==== DATASET CONTENT ====

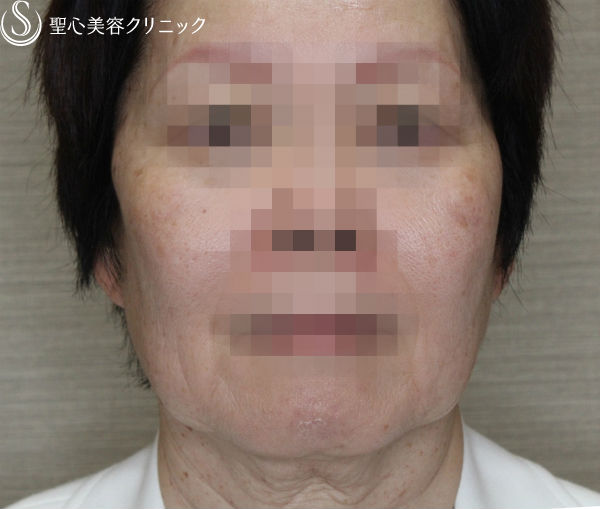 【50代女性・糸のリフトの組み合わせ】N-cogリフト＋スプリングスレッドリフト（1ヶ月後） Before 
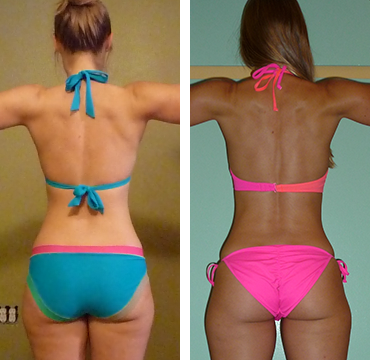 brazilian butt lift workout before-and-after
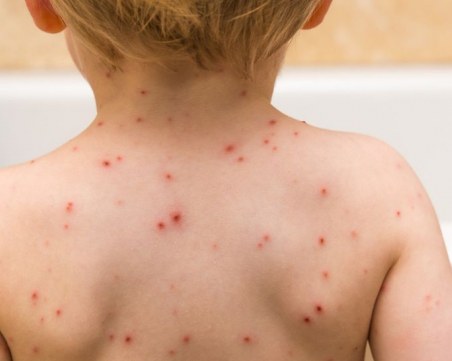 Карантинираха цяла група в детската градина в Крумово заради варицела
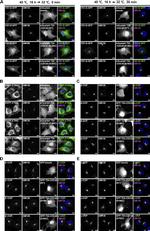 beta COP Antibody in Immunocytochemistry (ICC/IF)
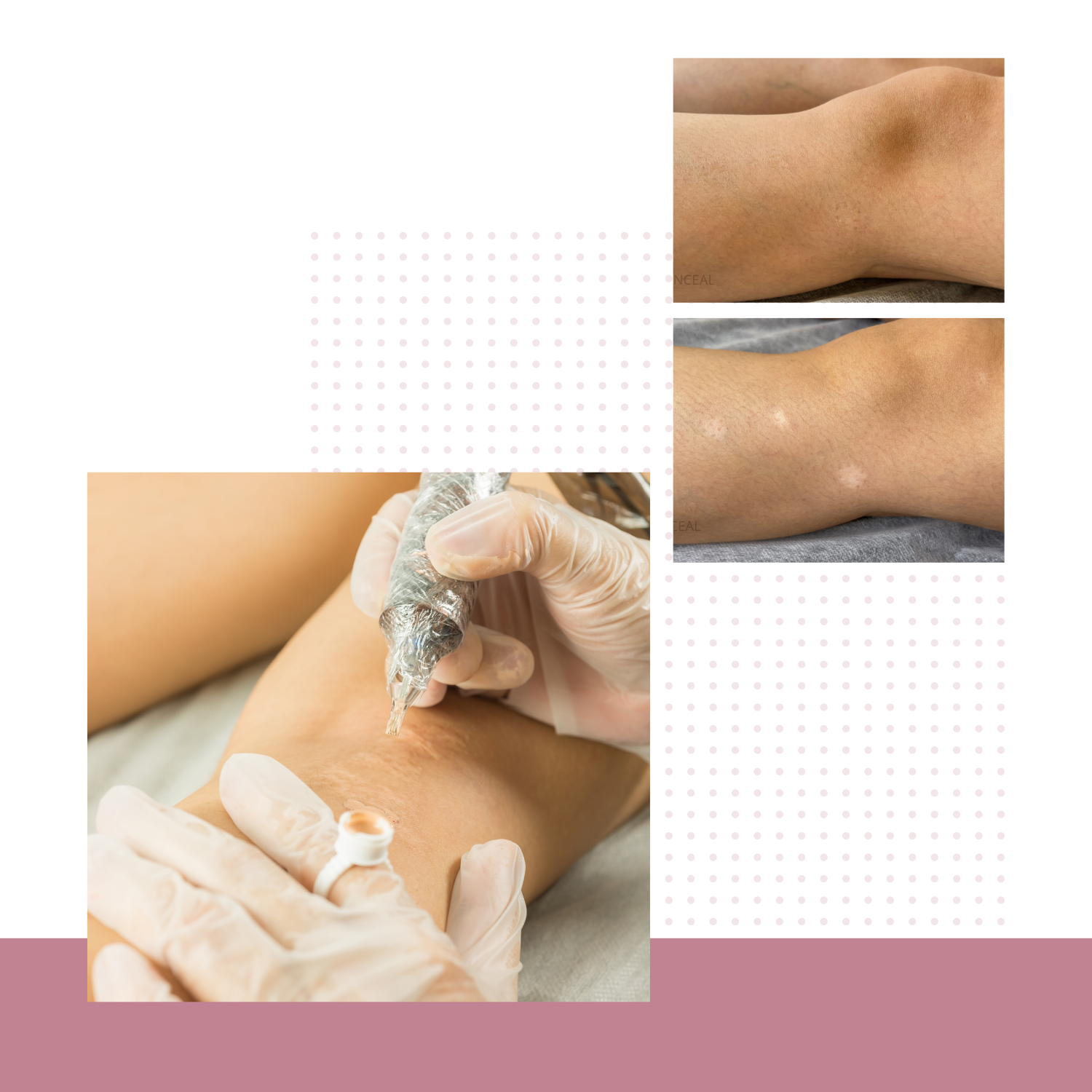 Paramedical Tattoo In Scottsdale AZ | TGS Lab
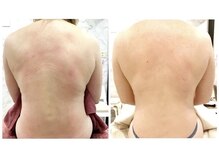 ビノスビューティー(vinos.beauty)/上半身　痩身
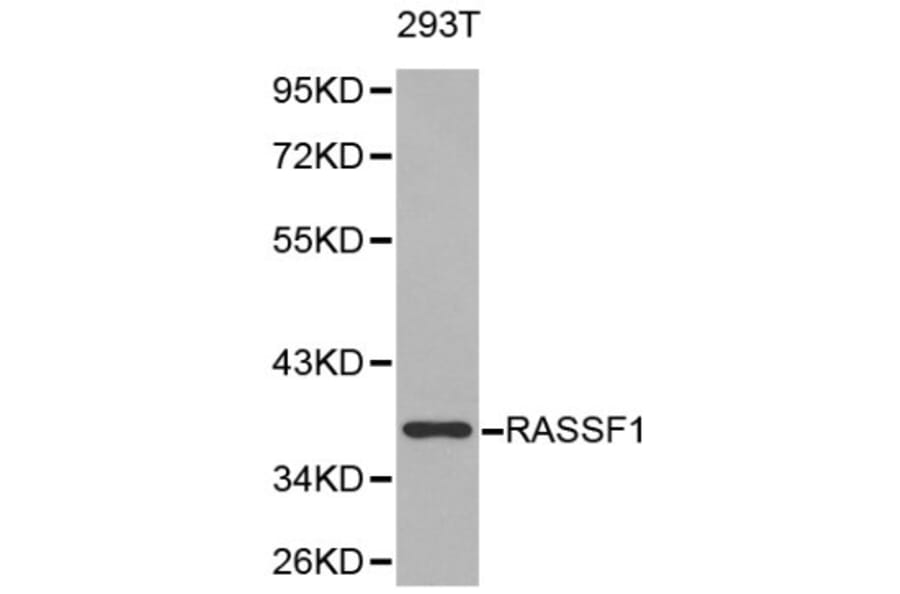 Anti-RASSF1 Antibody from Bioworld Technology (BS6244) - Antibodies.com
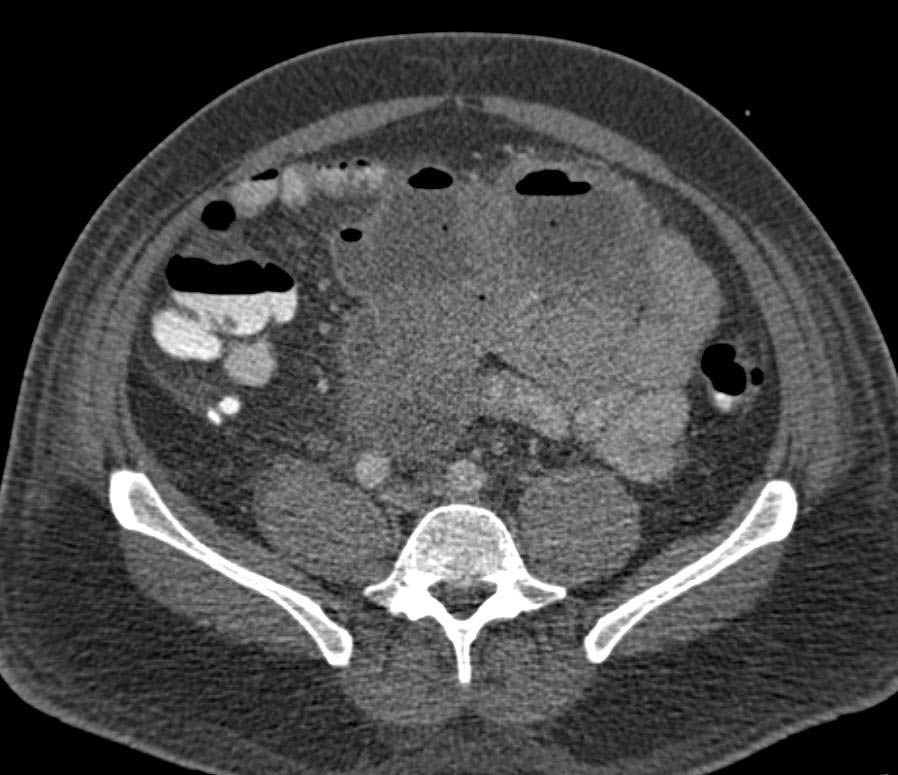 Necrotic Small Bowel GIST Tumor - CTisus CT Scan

====
==== DATASET CONTENT ====

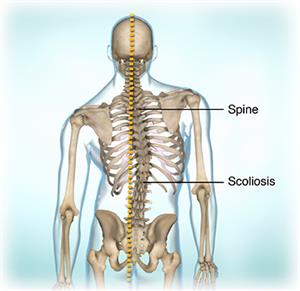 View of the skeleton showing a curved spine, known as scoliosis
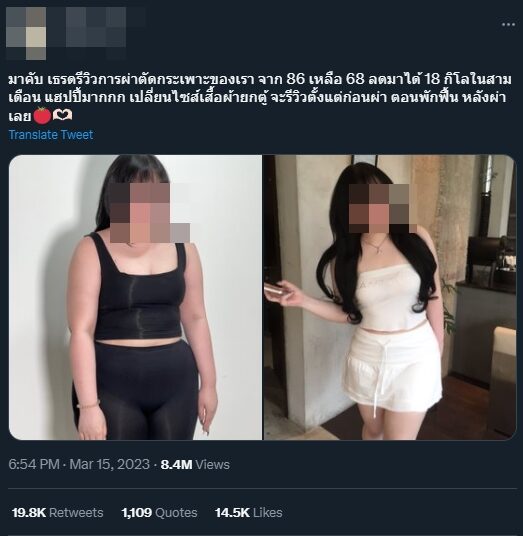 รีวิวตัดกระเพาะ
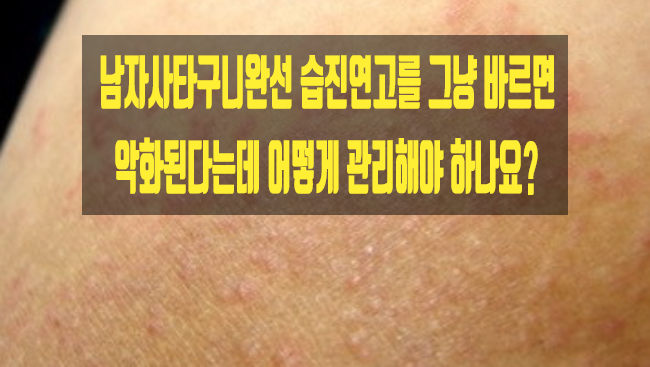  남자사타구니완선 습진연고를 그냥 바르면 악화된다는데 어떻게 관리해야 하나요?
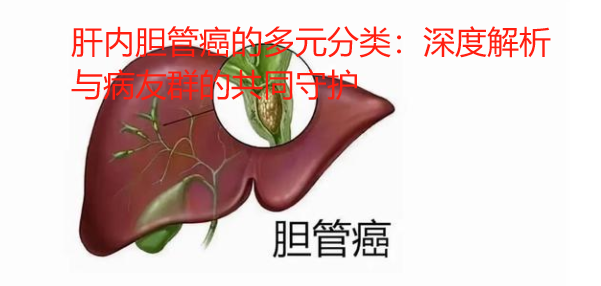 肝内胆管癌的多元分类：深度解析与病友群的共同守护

====

**EXERCISE AIM**
Find where the line with "Карантинираха цяла група" sits in the material above and where the line with "Necrotic Small Bowel" sits. Set down exactly the lines from the first to the second, both included and nothing else, without pictures.

**ANSWER SPACE**
 Карантинираха цяла група в детската градина в Крумово заради варицела
 beta COP Antibody in Immunocytochemistry (ICC/IF)
 Paramedical Tattoo In Scottsdale AZ | TGS Lab
 ビノスビューティー(vinos.beauty)/上半身　痩身
 Anti-RASSF1 Antibody from Bioworld Technology (BS6244) - Antibodies.com
 Necrotic Small Bowel GIST Tumor - CTisus CT Scan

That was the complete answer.